We’ve encountered the same issue a while back so forgive me if I am making a few mistakes here - Elasticsearch 7 changed the way nodes coordinate and leave in a few ways and added a lag timeout - when nodes can’t complete operations after some set time, they leave and return.
It tripped me up quite a bit at first, until with further testing I realized that before I had non-responding nodes, it’s just that nothing was done about it.
Will try to refind all the sources if I have the time, it took quite a bit of digging when I last debugged it and I believe it also took us looking at Elasticsearch source
Not so much reported, as handled.
Before you would have finished the operation in an hour, following with a day of rebalancing.
Now the nodes leave and rejoin, which is… A way to handle it. Not the best one, but a way. I guess since Elasticsearch can’t cancel write tasks, that’s how they chose to handle a node not responding due to write overload (in essence, completely stop the handling node which does actually cancel these tasks).

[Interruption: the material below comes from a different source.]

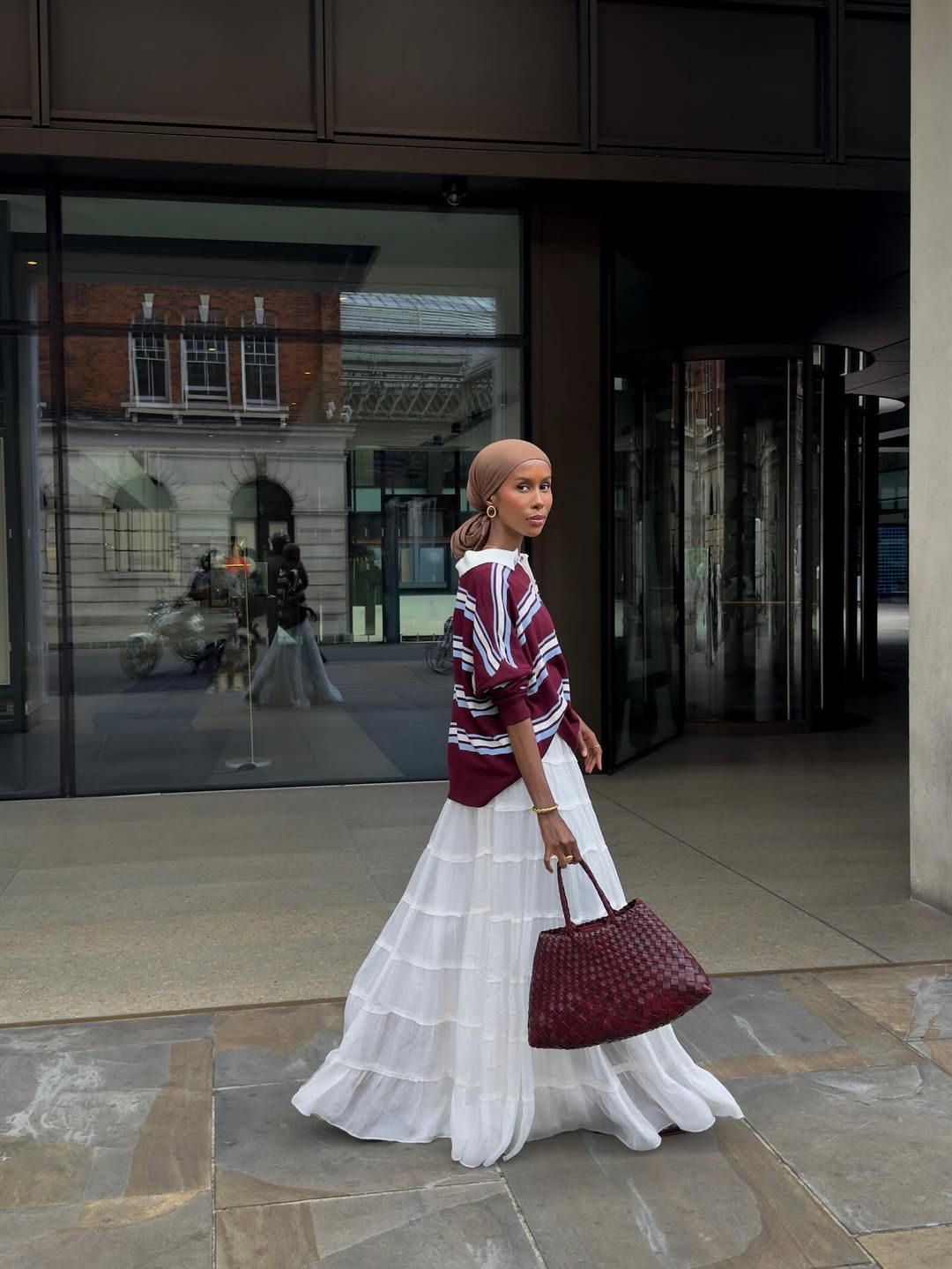 Basma Kahie wearing a burgundy bag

I would suggest trying to increase a few values in the cluster settings if you do have high node bandwidth, using transient config to test it out:
cluster.routing.allocation.node_concurrent_recoveries
cluster.routing.allocation.node_initial_primary_recoveries
indices.recovery.max_bytes_per_second (remember to leave some spare overhead on this one)
Same here, I don’t know why it happens after long time running smooth
From data node:
[2022-01-11T11:12:03,656][WARN ][o.e.c.s.ClusterApplierService] [data-2-102] cluster state applier task [ApplyCommitRequest{term=28, version=2451480, sourceNode={master-49-254}{DM1C14E9TzapBYMfa9s15w}{UfNP6laXRrqp9ft31SSn9g}{10.3.49.254}{10.3.49.254:9300}{mr}}] took [39.6s] which is above the warn threshold of [30s]..............
Master node
[2022-01-11T11:21:33,226][INFO ][o.e.c.c.C.CoordinatorPublication] [master-49-254] after [10s] publication of cluster state version [2451500] is still waiting for {-data-2-21}{h_c2M14OTsyutTlPoOe0hA}{d20RC6nNQJm4rP7fsZFAMA}{10.5.2.21}{10.5.2.21:9300}{dr} [SENT_APPLY_COMMIT]
Also I see some time info about removed / added node, it creates un-stable cluster
From the little detail I can gather from these warnings, it seems your nodes are sending the data slower than the nodes can write it to disk - investigate and benchmark your node iops / disk throughput
That’s throughput, not iops. Benchmarking writes is really hard, scaling it is hard as well.
We personally tuned ZFS under the hood to actually bulk our requests in RAM and write them at once in big blocks in order to improve iops to the level needed - it has as much to do with your disks/fs/caches/raid/etc… As with Opensearch/ODFE. I doubt upgrading will actually solve the issue, and it’ll be the same with Elastic Co. Solutions.